The scheme worked for a time—just a little quid pro quo. It was the late 1960s, and famed Houston developer Frank Sharp, who’d made a pile of money in real estate, banking, and insurance, wanted to see some favorable banking bills pushed through the Texas legislative session of 1969.
To ensure things worked out in his favor, he offered Texas state officials, including Gov. Preston Smith and House Speaker Gus Mutscher, $600,000 in loans from his own Sharpstown State Bank, named after him, just like the neighborhood. The officials used that money to buy stock in National Life Insurance, another Sharp company, inflating the stock value before selling their shares for a nice profit. In return for this service, the lawmakers convened a special legislative session and pushed the bills through. Brilliant—until they got caught.
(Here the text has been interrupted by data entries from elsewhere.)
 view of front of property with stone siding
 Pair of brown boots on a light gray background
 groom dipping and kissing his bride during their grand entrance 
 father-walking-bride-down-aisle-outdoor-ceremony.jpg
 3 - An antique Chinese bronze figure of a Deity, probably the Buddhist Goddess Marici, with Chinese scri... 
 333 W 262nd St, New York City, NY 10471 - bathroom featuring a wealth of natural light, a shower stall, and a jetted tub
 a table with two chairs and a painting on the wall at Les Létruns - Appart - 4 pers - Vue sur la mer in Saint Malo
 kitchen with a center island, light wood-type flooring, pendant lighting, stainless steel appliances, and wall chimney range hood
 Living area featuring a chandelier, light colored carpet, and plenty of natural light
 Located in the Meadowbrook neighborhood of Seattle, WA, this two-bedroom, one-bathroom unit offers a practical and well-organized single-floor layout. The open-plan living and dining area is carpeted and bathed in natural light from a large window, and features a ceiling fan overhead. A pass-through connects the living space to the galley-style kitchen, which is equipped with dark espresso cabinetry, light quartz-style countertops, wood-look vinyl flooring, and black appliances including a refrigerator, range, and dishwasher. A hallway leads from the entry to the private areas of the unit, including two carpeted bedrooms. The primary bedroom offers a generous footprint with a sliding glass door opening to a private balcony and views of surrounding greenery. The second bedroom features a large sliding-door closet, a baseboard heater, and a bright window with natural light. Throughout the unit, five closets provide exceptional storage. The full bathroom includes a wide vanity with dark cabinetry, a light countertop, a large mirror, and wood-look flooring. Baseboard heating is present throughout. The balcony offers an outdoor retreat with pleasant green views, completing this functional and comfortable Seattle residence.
The next year, someone at the Securities and Exchange Commission noticed the number of large loans that had been made against insufficient collateral from the Sharpstown State Bank and started investigating. In 1971 the feds sued Sharp, triggering a run on the bank and forcing it to close. Smith then vetoed the banking bills, avoiding indictment, but his political career was over.
In fact, the scandal ruined the political careers of everyone it touched, and in 1972 voters replaced every single incumbent statewide elected official and half the state legislature. The new body passed a number of laws on open records, public meetings standards, and swapping kickbacks for political support.
Sharp himself got only three years of probation and a $5,000 fine. Meanwhile, the Jesuit order that he had long supported here in Houston—even receiving a commendation from the Pope for doing so—didn’t fare as well. On Sharp’s recommendation, the order had bought National Life Insurance stock and, post-scandal, had to declare bankruptcy after losing more than $6 million.